When I was a kid, and later in college, I found that I spent a lot of time daydreaming. I was perfectly content lying on my bed or spread out in the grass just fantasizing about anything. Sometimes I'd think about how I would interact with people in a specific situation, other times I would imagine doing some kind of work in some kind of professional capacity. Of course, I'd spend a lot of time thinking about what it might be like to be with various women I was interested in too, and given my inexperience at the time, imagination was all I had!

But even in those days, one of the primary uses for daydreaming was thinking through things that I really wanted to do. In college, I remember thinking this way about video projects all of the time. That practice even carried over into my years of working with video professionally. At various points since then, I've used daydreaming to think through everything from travel plans to website designs. And yes, there were certainly plenty of women-related fantasies, too, especially in my single days.

The problem is that I don't really make the time to relax and let the mind wander like that. Home and work life are so action packed that it's hard to allocate time. Actually, let me restate that. It's not that it's hard to allocate time, it's that I've somehow reached a point where I feel daydreaming is not a priority, because I rationalize that it's "wasting" time.

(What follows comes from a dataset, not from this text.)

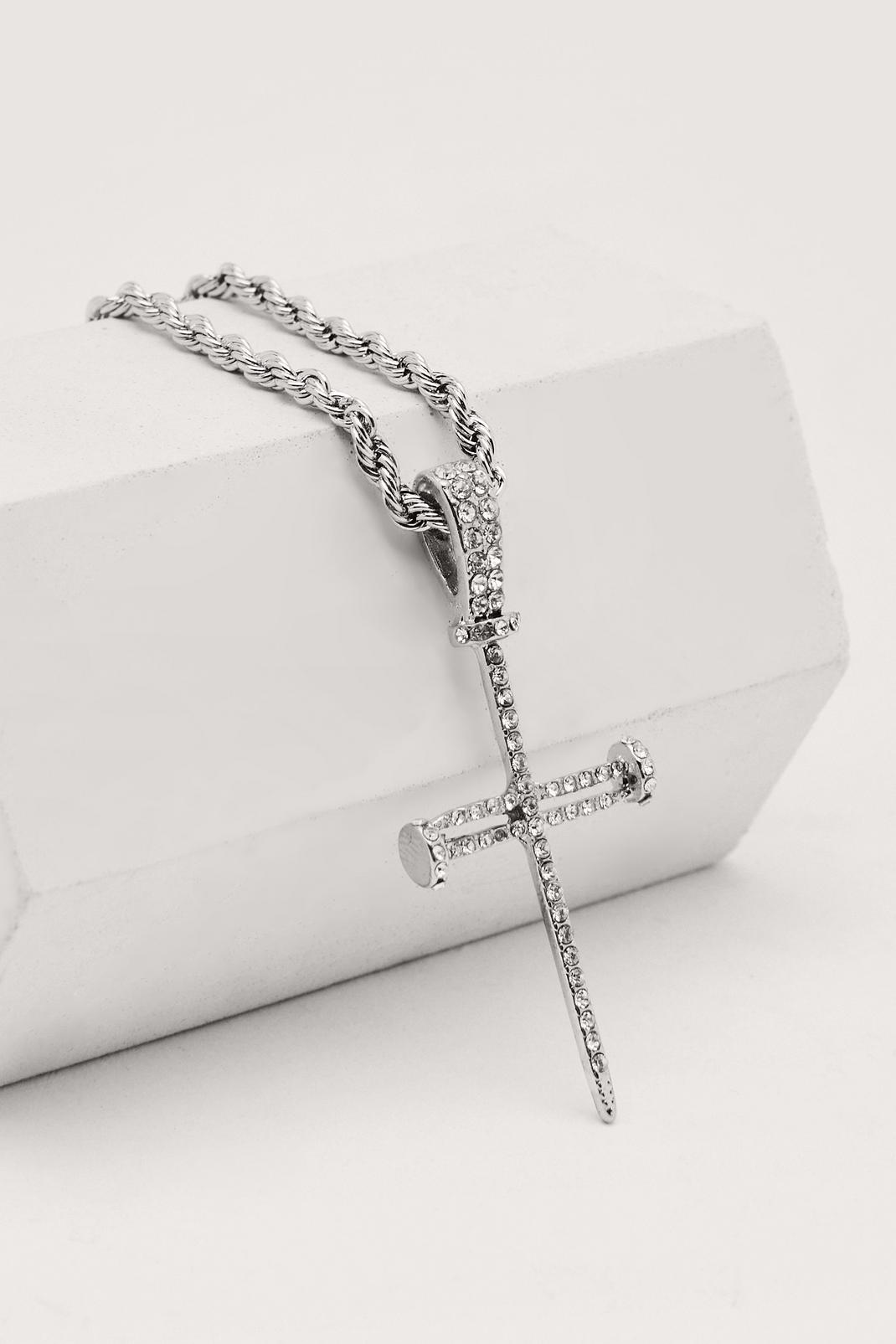 163 Diamante Cross Dainty Necklace image number 2
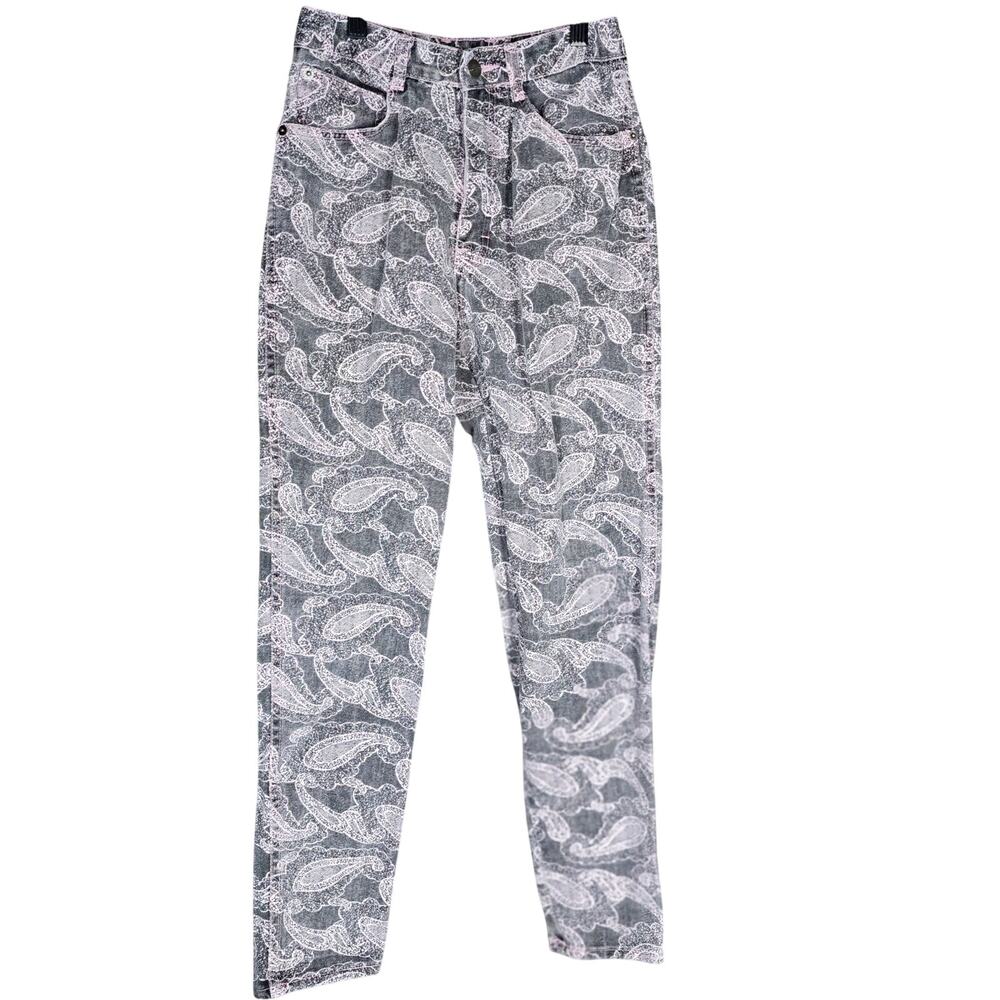 UNION BAY sz 7 jrs black pink paisley 100% cotton jeans Hong Kong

I'm not sure how I got to that line of thinking. If I really look at the things that I'm most proud of in my life, most of them are the result of daydreaming. Often an idea or fantasy can be refined into something real if you allow it to happen. Writing a book and speaking at conferences started as daydreams. Working at Microsoft started that way too. It has served me for the sites I run. It was core to any of the longer video projects I've ever done.

Some people certainly just get lost in daydreaming with nothing to show for it. I get that. But I'm not sure why I don't find more time to do it. Good things happen when I do.